I was looking into applying for an electrical apprenticeship. The union ones look like the better options to me. I had a couple of questions...

1. Do you have to apply to the local where you live? I live in PA, but only minutes from MD.

2. If you can apply in other areas can you apply to more than one at a time?

3. Can you apply for more than one field at a time, I.E. inside wireman and say residential?

4. Can you switch your field after you're started or are you locked in?

The four locals that would be close enough for me are 24(Balt.), 26(D.C.), 307(cumberland), and 143(harrisburg). If anyone has info about any of them in general I'd love to hear from you.

Thanks in advance, Jason


----------



## Dennis Alwon (May 9, 2009)

Welcome


----------



## Tom45acp (Sep 6, 2011)

All those questions should be asked of the individual locals as policies may vary. I do not believe that there is a mandate from the NJATC about residency, but I could be wrong.

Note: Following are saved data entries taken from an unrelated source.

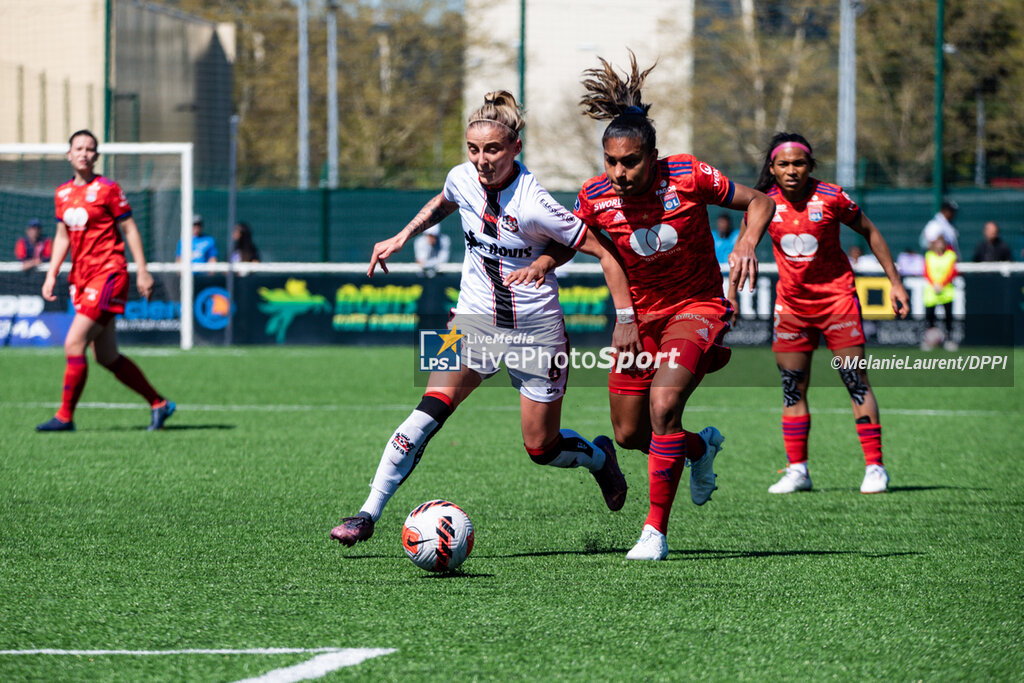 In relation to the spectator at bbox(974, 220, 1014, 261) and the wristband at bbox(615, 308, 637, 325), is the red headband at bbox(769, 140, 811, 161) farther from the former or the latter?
the spectator at bbox(974, 220, 1014, 261)

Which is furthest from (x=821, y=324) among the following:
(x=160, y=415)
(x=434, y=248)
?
(x=434, y=248)

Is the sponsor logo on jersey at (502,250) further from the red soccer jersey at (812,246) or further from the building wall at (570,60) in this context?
the building wall at (570,60)

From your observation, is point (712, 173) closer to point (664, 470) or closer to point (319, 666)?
point (664, 470)

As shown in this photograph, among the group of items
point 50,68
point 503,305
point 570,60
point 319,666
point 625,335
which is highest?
point 570,60

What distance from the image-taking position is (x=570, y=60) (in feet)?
76.3

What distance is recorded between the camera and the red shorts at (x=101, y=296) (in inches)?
395

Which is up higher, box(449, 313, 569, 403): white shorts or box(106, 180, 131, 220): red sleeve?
box(106, 180, 131, 220): red sleeve

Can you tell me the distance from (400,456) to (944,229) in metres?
15.3

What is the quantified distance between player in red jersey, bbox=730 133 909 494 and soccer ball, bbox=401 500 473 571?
9.87 feet

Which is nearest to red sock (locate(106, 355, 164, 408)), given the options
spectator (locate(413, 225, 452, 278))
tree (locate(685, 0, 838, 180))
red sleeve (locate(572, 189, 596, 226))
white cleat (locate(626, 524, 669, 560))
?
red sleeve (locate(572, 189, 596, 226))

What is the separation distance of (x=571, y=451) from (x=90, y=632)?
2.65 meters

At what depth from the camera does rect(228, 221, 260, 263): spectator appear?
802 inches

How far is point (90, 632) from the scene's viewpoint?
441 cm

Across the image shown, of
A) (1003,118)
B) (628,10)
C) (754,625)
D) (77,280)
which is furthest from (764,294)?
(754,625)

Also, keep in mind where the classes will be held. The locals jurisdiction may be close, but their apprenticeship classes may not be. In our jurisdiction, we have a couple of counties that are a 2 1/2 hour drive from our classrooms. I doubt if we'll ever see an apprentice from one of those counties unless the apprentice moves closer.

Good luck


----------



## dg1871 (Feb 5, 2012)

It sounds like you should be local 229 territory


----------



## dg1871 (Feb 5, 2012)

Where do you live?


----------



## slims999 (Feb 16, 2012)

*Apprenticeship..*

I'm also going to be applying for an apprenticeship program, but at the North Texas Electrical Joint. Any advice?


----------



## henderson14 (Oct 23, 2010)

I think its more common in locals in major cities to accept applicants from cities outside their covered area.


----------



## brian john (Mar 11, 2007)

henderson14 said:


> I think its more common in locals in major cities to accept applicants from cities outside their covered area.


Greencastle is an exit on I-81, was there on Wednesday and back tomorrow, all the ECs I have worked for in that area are open shop. MAny of the electricians I know from Hagerstown (south of Greencastle) travel to Baltimore or Washing DC for union work and in particular pay.


----------



## mikeh32 (Feb 16, 2009)

You can apply to as many as you want, but only one program per each local. 

You do not have to live in that local either.


----------



## jason75 (Feb 13, 2012)

Thanks guys.


----------